Met with praise and optimism of a stronger digital economy and economic ties between Malaysia and China, the Digital Free Trade Zone (DFTZ) was officially launched on 3 November 2017 via the DFTZ Go Live event at the KACT1 facility in Sepang.

Gracing the event was the Prime Minister of Malaysia, the Honourable Dato’ Sri Mohd Najib Tun Abdul Razak, along with Jack Ma, founder and executive chairman of China-based Alibaba Group. This marks the first DFTZ in the world, and also the first electronic world trade platform (eWTP) outside of China. As of the launch date, 1972 merchants have come onboard the DFTZ programme.

“We want to redefine global trade, and be leaders in the world, along with China and Alibaba, as well as the leader of the region. The DFTZ is a regional hub, and a major transshipment hub as well,” said prime minister Najib, adding that the DFTZ will create 60,000 new jobs in the area by 2025.

“I want SMEs to see phenomenal growth, growth by leaps and bounds, and the DFTZ will make it happen,” he added.

Jack Ma, who also spoke at the event, expressed that he was initially astonished and surprised by the vision of Malaysia, and the speed with which the DFTZ was established. Ma praised Malaysia and its premier, for taking away all the barriers against the DFTZ so quickly as well.

“So many countries say they want to do something for SMEs, but Malaysia is the first country whose government has actually done something and taken action,” said Ma, adding that Alibaba is committed to making this “first DFTZ, this first eWTP, a huge success”, with the reasoning that, should this first run succeed, the next one should as well.

Yasmin Mahmood, the CEO of the Malaysia Digital Economy Corporation (MDEC), was also quoted as saying that the DFTZ will aid in “creating a new breed of SMEs who are able to trade globally and seamlessly” during her welcome address, following the tour of the KACT1 facility and the groundbreaking ceremony.

KLIA Aeropolis DFTZ Park

The event also saw the official launch and groundbreaking ceremony of the KLIA Aeropolis DFTZ Park, which is Alibaba’s first regional eFulfillment hub outside of China. The hub is expected to double the growth of Malaysia’s air cargo volume from the current 700,000 tonnes a year to 1.3 million tonnes a year within the next decade.

The hub will optimise border clearance and reduce clearance from an average of 6 hours down to 3 hours and below, with a 90% Service Level Agreement. It also aims to improve Cargo Terminal Operations from 4 hours down to 90 minutes.

The hub, which will be developed in two phases, will be equipped with some of the latest technology, including a test batch of shelving management and picking assistant robots such as the ones used in Alibaba’s facility in China. It will also serve as a cluster of facilities for customs clearance, warehousing and logistics.

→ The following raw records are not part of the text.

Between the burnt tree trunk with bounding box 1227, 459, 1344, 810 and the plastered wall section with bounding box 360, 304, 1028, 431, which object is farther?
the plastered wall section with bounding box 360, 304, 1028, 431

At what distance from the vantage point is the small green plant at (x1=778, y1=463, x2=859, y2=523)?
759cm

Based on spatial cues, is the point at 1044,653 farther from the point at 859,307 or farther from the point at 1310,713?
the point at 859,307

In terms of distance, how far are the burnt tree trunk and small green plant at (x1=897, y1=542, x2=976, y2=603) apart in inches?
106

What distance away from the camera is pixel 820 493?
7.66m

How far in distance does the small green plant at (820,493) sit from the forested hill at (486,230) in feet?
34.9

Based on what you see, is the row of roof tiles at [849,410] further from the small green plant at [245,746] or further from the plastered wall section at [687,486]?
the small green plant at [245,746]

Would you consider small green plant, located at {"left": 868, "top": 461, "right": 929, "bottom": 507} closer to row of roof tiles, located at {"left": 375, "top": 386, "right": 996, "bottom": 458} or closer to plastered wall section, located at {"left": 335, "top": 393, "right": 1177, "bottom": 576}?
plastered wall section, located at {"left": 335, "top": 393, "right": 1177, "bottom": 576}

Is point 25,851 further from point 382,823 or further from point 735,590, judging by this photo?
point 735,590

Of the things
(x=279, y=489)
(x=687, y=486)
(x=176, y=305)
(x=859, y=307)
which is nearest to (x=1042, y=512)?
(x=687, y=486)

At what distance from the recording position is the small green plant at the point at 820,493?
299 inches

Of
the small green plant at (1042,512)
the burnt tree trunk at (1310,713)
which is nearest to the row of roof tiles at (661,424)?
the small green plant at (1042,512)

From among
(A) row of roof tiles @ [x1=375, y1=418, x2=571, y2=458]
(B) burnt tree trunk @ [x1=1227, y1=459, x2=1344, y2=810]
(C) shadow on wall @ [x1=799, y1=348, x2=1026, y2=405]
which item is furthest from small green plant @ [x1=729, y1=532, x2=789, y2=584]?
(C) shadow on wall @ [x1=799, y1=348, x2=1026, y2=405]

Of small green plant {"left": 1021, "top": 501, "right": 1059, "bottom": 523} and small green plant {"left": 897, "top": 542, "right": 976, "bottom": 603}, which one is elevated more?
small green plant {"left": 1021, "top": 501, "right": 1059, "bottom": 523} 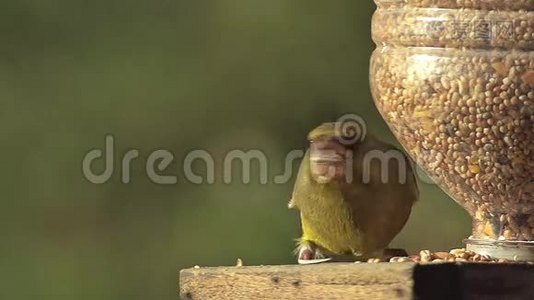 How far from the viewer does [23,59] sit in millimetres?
8250

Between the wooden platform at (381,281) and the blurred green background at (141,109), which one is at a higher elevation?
the blurred green background at (141,109)

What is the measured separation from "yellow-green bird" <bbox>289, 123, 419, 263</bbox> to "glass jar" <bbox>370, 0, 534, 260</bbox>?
0.40 metres

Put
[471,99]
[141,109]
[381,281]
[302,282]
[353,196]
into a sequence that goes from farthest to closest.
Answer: [141,109] → [353,196] → [471,99] → [302,282] → [381,281]

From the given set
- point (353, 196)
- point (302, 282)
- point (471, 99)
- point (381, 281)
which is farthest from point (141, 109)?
point (381, 281)

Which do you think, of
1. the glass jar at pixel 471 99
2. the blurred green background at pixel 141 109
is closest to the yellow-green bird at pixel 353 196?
the glass jar at pixel 471 99

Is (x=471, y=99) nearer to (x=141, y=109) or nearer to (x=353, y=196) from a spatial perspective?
(x=353, y=196)

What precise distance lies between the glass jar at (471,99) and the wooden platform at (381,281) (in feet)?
0.98

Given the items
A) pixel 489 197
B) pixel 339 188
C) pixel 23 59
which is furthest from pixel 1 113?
pixel 489 197

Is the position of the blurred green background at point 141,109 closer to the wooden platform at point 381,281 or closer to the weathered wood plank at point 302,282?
the weathered wood plank at point 302,282

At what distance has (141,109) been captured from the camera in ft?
26.8

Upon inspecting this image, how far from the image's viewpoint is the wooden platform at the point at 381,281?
3.31 meters

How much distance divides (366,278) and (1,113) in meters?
5.13

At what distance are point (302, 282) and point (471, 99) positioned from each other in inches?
18.5

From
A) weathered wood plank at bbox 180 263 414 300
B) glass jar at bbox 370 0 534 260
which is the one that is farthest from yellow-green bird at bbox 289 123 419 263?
weathered wood plank at bbox 180 263 414 300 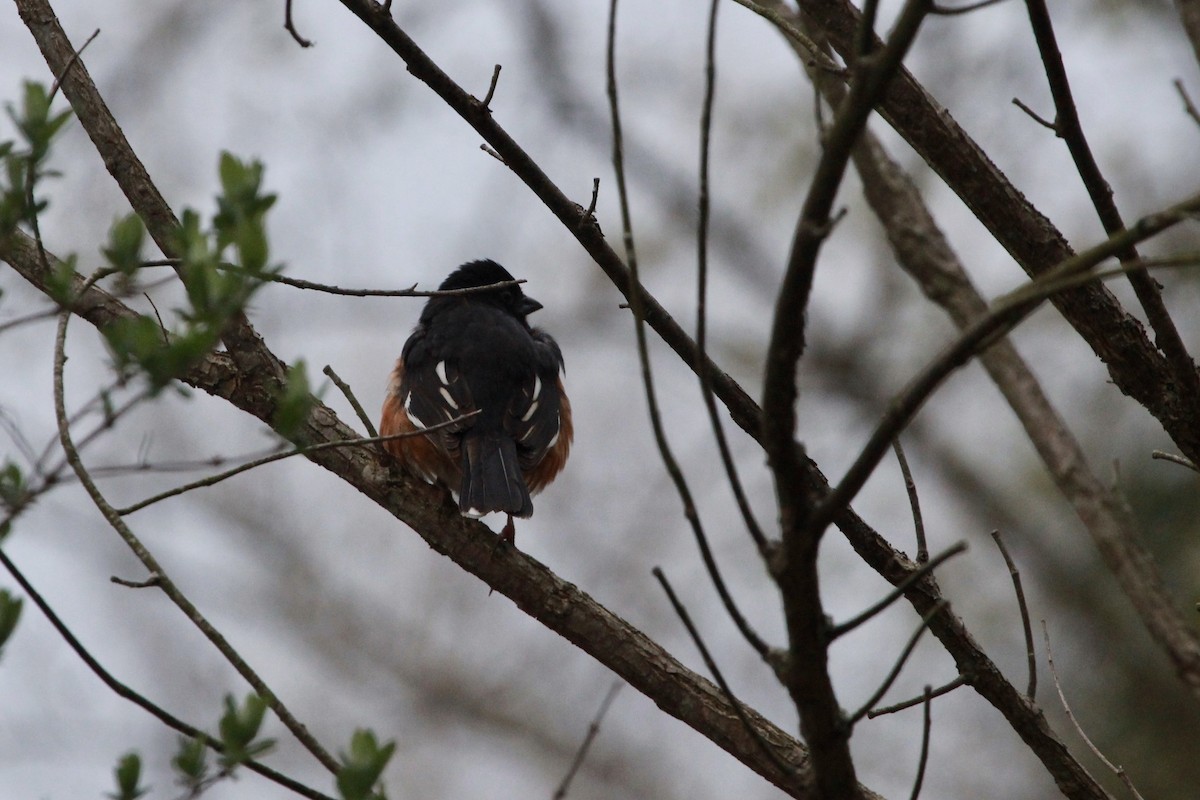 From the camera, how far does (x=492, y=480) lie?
160 inches

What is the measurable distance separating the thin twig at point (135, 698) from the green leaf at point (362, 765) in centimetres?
12

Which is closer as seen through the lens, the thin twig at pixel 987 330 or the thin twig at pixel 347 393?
the thin twig at pixel 987 330

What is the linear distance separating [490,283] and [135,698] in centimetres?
402

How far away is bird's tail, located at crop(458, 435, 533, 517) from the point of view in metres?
3.90

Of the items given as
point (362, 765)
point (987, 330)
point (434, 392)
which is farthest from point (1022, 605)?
point (434, 392)

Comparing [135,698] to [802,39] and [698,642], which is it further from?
[802,39]

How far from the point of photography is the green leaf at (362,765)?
60.9 inches

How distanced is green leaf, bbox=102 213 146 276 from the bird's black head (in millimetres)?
3866

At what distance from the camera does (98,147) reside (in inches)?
133

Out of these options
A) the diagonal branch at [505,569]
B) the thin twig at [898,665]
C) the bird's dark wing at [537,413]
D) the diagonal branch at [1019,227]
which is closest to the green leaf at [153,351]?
the thin twig at [898,665]

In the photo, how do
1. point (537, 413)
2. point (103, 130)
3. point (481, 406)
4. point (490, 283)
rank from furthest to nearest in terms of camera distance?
point (490, 283) < point (537, 413) < point (481, 406) < point (103, 130)

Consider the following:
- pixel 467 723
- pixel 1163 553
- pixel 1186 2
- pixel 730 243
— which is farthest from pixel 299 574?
pixel 1186 2

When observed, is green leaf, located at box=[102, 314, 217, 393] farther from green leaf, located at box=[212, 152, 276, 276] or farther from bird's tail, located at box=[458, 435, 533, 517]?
bird's tail, located at box=[458, 435, 533, 517]

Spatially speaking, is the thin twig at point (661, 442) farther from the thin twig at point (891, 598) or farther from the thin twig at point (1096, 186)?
the thin twig at point (1096, 186) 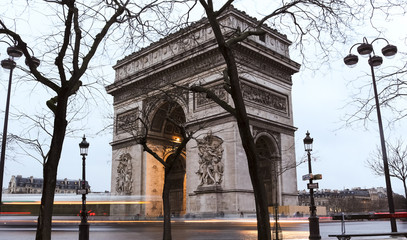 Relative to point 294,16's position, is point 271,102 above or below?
above

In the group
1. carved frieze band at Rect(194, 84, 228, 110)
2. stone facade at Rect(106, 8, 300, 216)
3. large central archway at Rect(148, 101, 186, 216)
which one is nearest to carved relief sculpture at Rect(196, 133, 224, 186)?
stone facade at Rect(106, 8, 300, 216)

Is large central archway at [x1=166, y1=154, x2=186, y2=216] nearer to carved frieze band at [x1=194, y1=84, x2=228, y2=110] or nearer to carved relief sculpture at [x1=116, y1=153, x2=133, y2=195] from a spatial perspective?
carved relief sculpture at [x1=116, y1=153, x2=133, y2=195]

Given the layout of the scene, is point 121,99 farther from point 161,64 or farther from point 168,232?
point 168,232

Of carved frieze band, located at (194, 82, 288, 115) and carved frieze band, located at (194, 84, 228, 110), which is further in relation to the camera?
carved frieze band, located at (194, 82, 288, 115)

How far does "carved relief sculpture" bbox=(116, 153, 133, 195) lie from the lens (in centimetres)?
3609

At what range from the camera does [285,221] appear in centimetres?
2656

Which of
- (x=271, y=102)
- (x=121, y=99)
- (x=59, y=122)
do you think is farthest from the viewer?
(x=121, y=99)

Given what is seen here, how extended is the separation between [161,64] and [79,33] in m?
24.1

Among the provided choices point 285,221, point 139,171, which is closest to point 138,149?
point 139,171

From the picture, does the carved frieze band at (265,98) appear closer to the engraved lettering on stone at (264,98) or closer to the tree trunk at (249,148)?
the engraved lettering on stone at (264,98)

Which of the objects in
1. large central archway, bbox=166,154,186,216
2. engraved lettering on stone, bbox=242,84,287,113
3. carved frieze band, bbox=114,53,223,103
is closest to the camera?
engraved lettering on stone, bbox=242,84,287,113

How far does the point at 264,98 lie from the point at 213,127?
4.56 m

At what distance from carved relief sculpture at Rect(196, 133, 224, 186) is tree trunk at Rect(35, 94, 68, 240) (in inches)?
757

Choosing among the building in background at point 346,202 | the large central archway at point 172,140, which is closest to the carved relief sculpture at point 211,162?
the large central archway at point 172,140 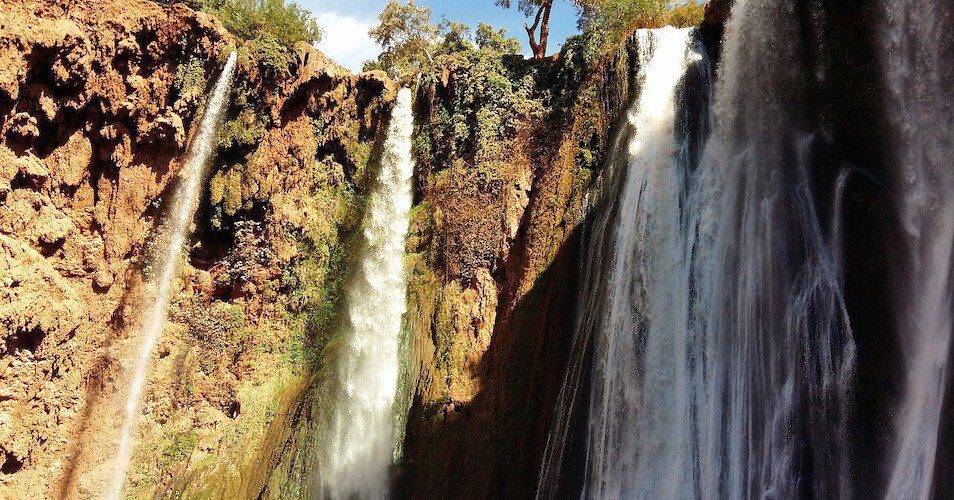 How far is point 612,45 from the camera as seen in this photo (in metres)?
12.8

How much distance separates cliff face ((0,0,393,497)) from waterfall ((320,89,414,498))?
0.88 m

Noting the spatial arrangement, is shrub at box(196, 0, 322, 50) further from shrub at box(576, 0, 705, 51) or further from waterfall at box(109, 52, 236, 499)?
shrub at box(576, 0, 705, 51)

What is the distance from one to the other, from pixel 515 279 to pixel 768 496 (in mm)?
6462

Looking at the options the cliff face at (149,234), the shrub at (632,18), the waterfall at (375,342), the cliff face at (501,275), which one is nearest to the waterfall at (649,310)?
the cliff face at (501,275)

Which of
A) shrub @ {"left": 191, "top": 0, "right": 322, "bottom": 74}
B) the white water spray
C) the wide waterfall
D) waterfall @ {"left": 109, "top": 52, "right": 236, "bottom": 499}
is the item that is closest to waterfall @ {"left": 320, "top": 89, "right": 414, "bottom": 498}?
shrub @ {"left": 191, "top": 0, "right": 322, "bottom": 74}

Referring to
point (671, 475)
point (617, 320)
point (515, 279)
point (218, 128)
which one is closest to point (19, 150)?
point (218, 128)

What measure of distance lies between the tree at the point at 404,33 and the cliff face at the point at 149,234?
789cm

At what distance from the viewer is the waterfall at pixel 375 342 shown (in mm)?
12242

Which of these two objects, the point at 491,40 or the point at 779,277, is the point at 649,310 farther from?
the point at 491,40

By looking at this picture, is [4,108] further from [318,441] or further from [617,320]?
[617,320]

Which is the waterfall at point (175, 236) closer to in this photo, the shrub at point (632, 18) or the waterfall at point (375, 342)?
the waterfall at point (375, 342)

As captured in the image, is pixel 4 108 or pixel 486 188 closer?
pixel 4 108

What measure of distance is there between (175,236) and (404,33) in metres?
13.6

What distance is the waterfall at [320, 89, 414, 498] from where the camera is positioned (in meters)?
12.2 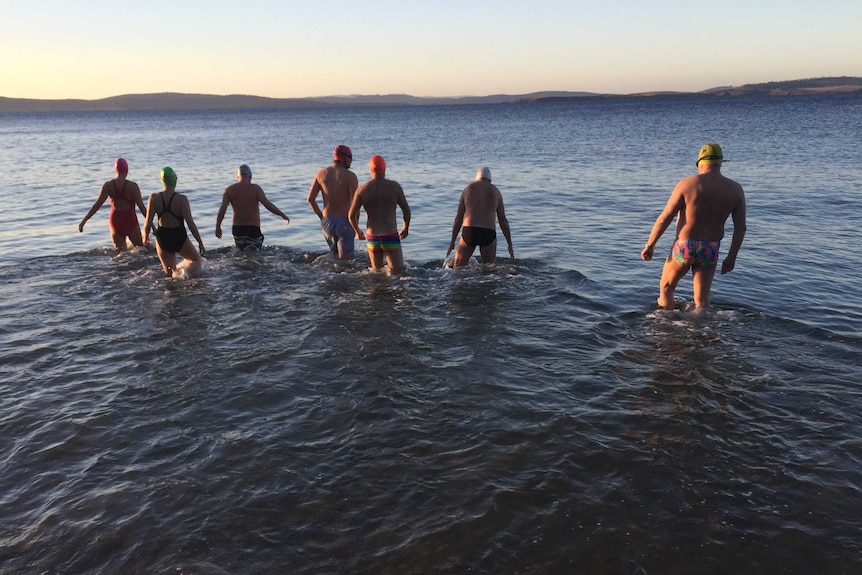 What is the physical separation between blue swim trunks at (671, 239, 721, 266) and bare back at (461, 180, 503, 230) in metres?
3.37

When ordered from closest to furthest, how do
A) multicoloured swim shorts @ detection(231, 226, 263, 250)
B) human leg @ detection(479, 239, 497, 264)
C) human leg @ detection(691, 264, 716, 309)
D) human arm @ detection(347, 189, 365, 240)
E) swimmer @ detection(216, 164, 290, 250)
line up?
human leg @ detection(691, 264, 716, 309) → human arm @ detection(347, 189, 365, 240) → human leg @ detection(479, 239, 497, 264) → swimmer @ detection(216, 164, 290, 250) → multicoloured swim shorts @ detection(231, 226, 263, 250)

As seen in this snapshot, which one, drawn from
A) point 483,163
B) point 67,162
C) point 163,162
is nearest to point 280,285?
point 483,163

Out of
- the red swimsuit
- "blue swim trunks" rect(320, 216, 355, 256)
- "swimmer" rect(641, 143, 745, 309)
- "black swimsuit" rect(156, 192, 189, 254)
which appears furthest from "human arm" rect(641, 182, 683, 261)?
the red swimsuit

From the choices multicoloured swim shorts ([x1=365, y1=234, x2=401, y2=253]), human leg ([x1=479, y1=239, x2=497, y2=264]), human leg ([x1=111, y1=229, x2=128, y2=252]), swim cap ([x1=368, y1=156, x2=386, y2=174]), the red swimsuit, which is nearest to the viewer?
swim cap ([x1=368, y1=156, x2=386, y2=174])

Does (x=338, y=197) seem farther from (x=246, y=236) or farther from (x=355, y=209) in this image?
(x=246, y=236)

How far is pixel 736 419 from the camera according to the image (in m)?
5.66

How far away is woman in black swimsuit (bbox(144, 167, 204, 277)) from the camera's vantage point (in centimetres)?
1010

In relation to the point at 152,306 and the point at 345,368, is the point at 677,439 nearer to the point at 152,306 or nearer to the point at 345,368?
the point at 345,368

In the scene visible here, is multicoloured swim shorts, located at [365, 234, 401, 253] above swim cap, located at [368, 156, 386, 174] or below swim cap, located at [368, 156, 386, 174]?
below

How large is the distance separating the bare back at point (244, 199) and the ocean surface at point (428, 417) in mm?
877

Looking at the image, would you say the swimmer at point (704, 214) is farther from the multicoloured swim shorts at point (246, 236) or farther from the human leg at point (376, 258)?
the multicoloured swim shorts at point (246, 236)

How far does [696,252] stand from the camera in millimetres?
7781

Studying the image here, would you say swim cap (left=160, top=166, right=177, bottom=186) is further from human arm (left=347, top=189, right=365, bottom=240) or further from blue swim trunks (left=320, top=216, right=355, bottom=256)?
human arm (left=347, top=189, right=365, bottom=240)

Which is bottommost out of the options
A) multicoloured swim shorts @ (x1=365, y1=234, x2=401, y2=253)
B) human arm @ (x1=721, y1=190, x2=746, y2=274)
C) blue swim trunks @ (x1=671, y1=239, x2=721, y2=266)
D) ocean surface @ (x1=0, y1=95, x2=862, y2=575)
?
ocean surface @ (x1=0, y1=95, x2=862, y2=575)
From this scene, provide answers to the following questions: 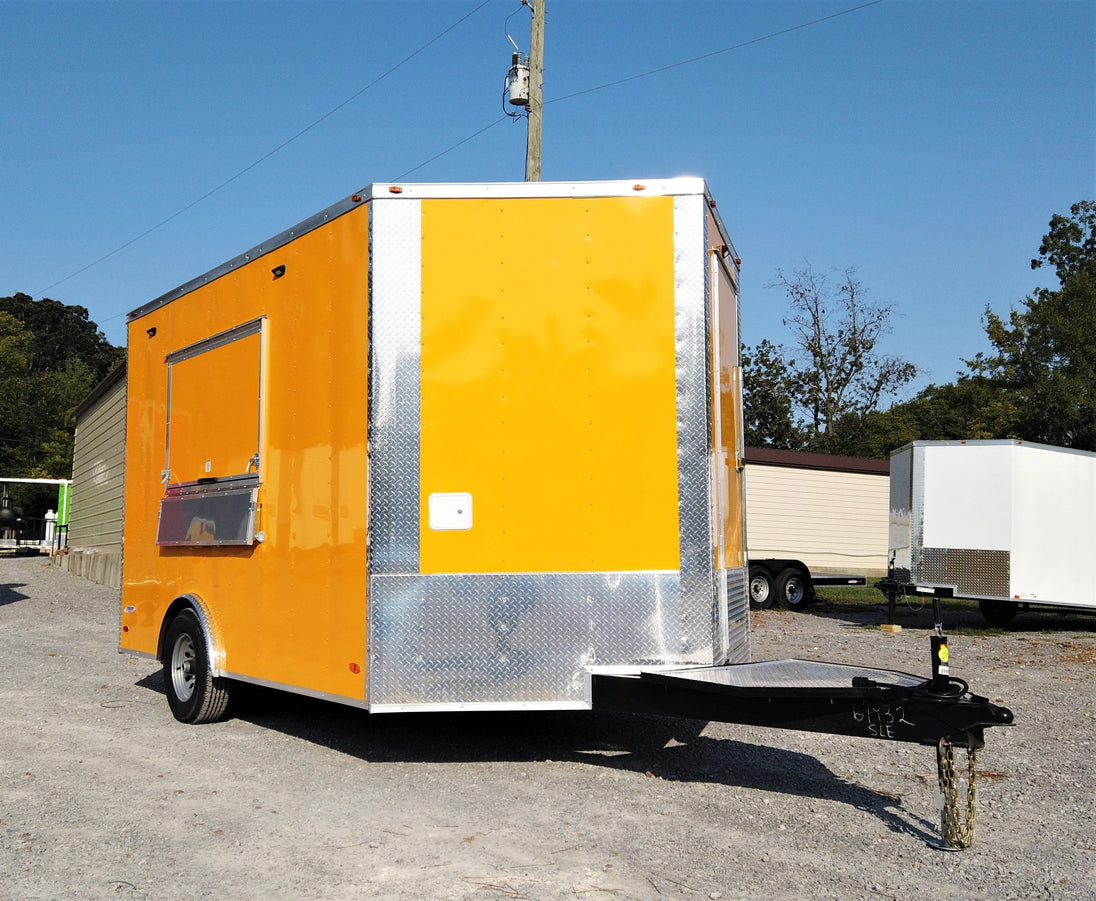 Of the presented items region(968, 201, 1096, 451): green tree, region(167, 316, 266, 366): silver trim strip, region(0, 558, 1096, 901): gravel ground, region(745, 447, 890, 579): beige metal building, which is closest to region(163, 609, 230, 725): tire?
region(0, 558, 1096, 901): gravel ground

The first phase is the development and operation of the facility at KACT1, which has been refurbished and will be operated by Pos Malaysia to serve Lazada and other e-Commerce players.

The second phase will be a greenfield development over a 60-acre plot of land, which will be jointly developed by Malaysia Airports Holdings Bhd and Cainiao Network, the logistics arm of Alibaba.

The joint venture agreements were signed and exchanged during a ceremony during the launch, and the second phase is expected to be operational by 2020.

Fireside Chat

There was also a fireside chat featuring the Prime Minister and Jack Ma. Ma noted that one particular importance of the establishment of more DFTZs is that there is no free trade zone designed only for small businesses.

“The current free trade zones all cater to the larger companies. This DFTZ, while the first, will not be the last. This platform will help Malaysian SMEs reach markets in China, Russia, and Europe,” said Ma, adding that the DFTZ model in Malaysia will be an example for other countries to learn from.

The Prime Minister also endorsed embracing technology and e-Commerce, stating that “either we accept the challenge and be a part of it, or be marginalised and left behind”.

“Our young people have to learn and be prepared for these, and for occupations that do not exist yet. 65% of jobs are not in existence, and we prepare the young people by teaching them to have higher thinking skills, solve problems, work in a team, and so on,” he said.

Ma echoed his support of the importance of education, noting that education is the key.

“Don’t compete with machines who work harder and are smarter. We should teach our kids to be innovative, creative, and constructive. AI is going to create higher paying jobs, but that requires a different skillset. Just remember the 3Qs. EQ for working with people, IQ for thinking and solving problems, and LQ, the Love Quotient, to better work with people,” said Ma.